Читать «С Потомака на Миссисипи: несентиментальное путешествие по Америке» онлайн - страница 201

Мэлор Георгиевич Стуруа

Началось это с апреля 1906 года, точнее с 18 апреля, а еще точнее — в пять часов тринадцать минут утра, когда жителей Сан-Франциско разбудил беспорядочный звон церковных колоколов, щемящий душу треск раскалывающейся кирпичной и каменной кладки и оглушающий грохот рушащихся зданий. Знаменитое землетрясение, превратившее Сан-Франциско в развалины, считают самым крупным зарегистрированным стихийным бедствием, которое когда-либо обрушивалось на Североамериканский континент. Говорят, что-то треснуло и сдвинулось, пустившись в дрейф, в ложе Тихого океана — я не силен в сейсмических науках, — и водная стихия, несясь со скоростью семь тысяч миль в час, сметая все на своем пути, ворвалась в город. Повалился маяк на Пойнт-Арене, опрокинулись и затонули рыбацкие шхуны, поезда сорвало с рельсов, мириады погибшей рыбы, всплыв на поверхность, превратили океан в гигантскую несъедобную уху. Затем начался пожар.

С тех пор между Великим и Сан-Франциско установились отношения, напоминающие бурную связь между Везувием и Помпеей. Город живет, пока океан дремлет, город замирает, когда океан просыпается. Жизнь эта взаймы. Поэт писал о том, как он и его сердце ни разу не дожили до мая, хотя испытали сто апрелей. В Сан-Франциско знают, что не доживут до мая, если на их долю выпадут еще несколько апрелей, подобных тому, 1906 года. Вот почему здесь апрель наиболее интенсивный месяц. Во всем чувствуется какое-то бесшабашное, отчаянное веселье. Бесшабашно цветут вишни, отчаянно — рододендроны. Малые запускают разноцветных змеев в небо, взрослые исключительно зеленого змия в себя. И то и другое делается бесшабашно, отчаянно. Это еще не пир во время чумы, это пир в ожидании ее.

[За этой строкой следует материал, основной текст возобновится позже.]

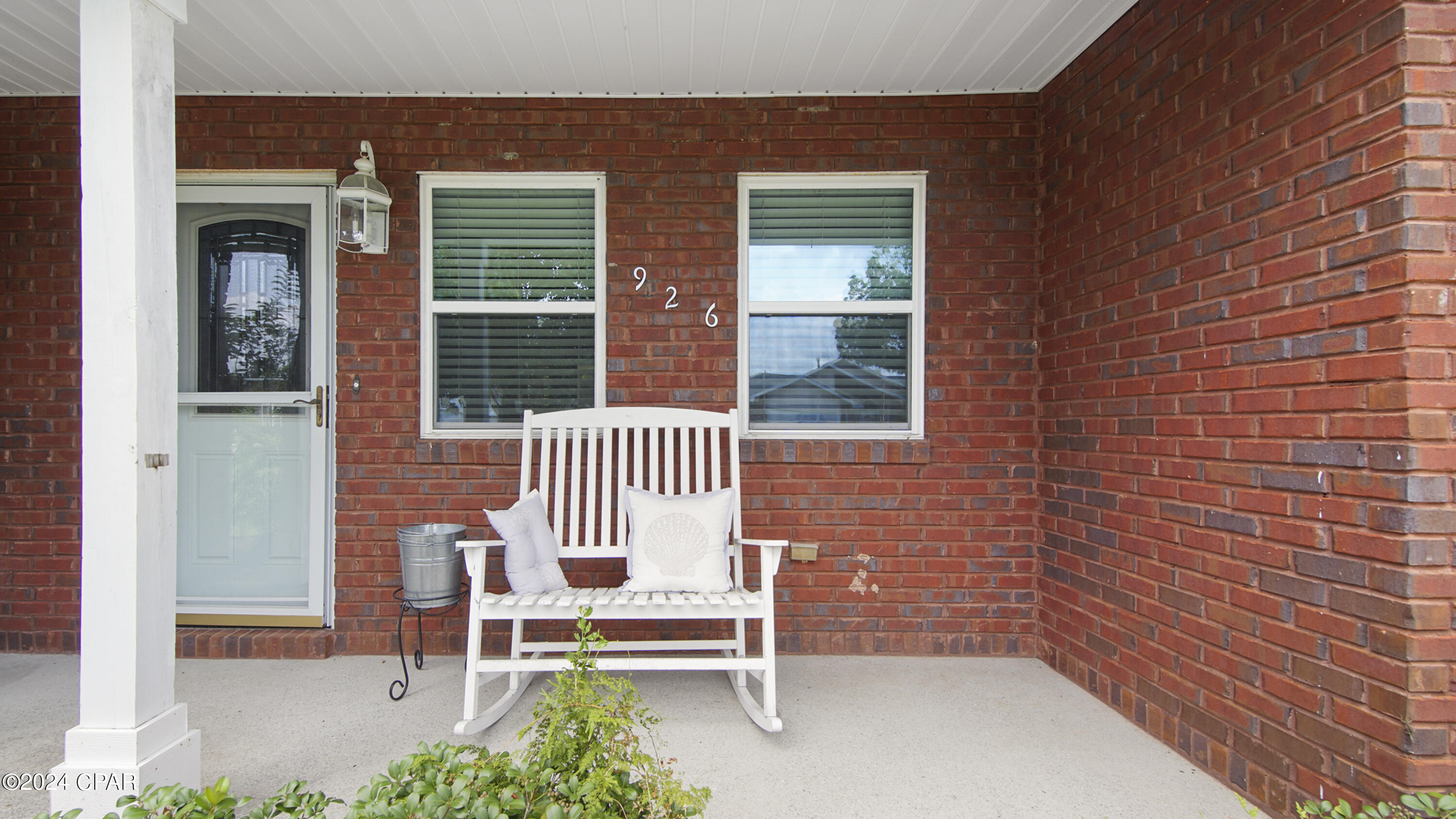 926 Lee Court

В Сан-Франциско не спрашивают: будет ли землетрясение? Вопрос, который здесь задают, звучит так: когда? Нынешний апрель был моим четвертым апрелем в Сан-Франциско, Это не совпадение. Я с умыслом выбираю апрель, ибо в это время года город глядится особенно выпукло, укрупненно, как бы под увеличительным стеклом. Страсти человеческие — добро и зло — поляризуются, как в шекспировских трагедиях, вынося «за такт» все несущественное, мелкое, мелкотравчатое, и суета сует, которая отцеживается под апрельским прессом, приобретает драматический оттенок, не переставая, впрочем, оставаться суетой сует. Последнее обстоятельство весьма важно, ибо масштабы должны не искажать перспективу, а приближать ее. Попытаюсь пояснить эту мысль примером. Я был в гостях у одного поэта. Принял он меня радушно. Стол был накрыт, что называется, по первому разряду: звонкий хрусталь, дорогой фарфор.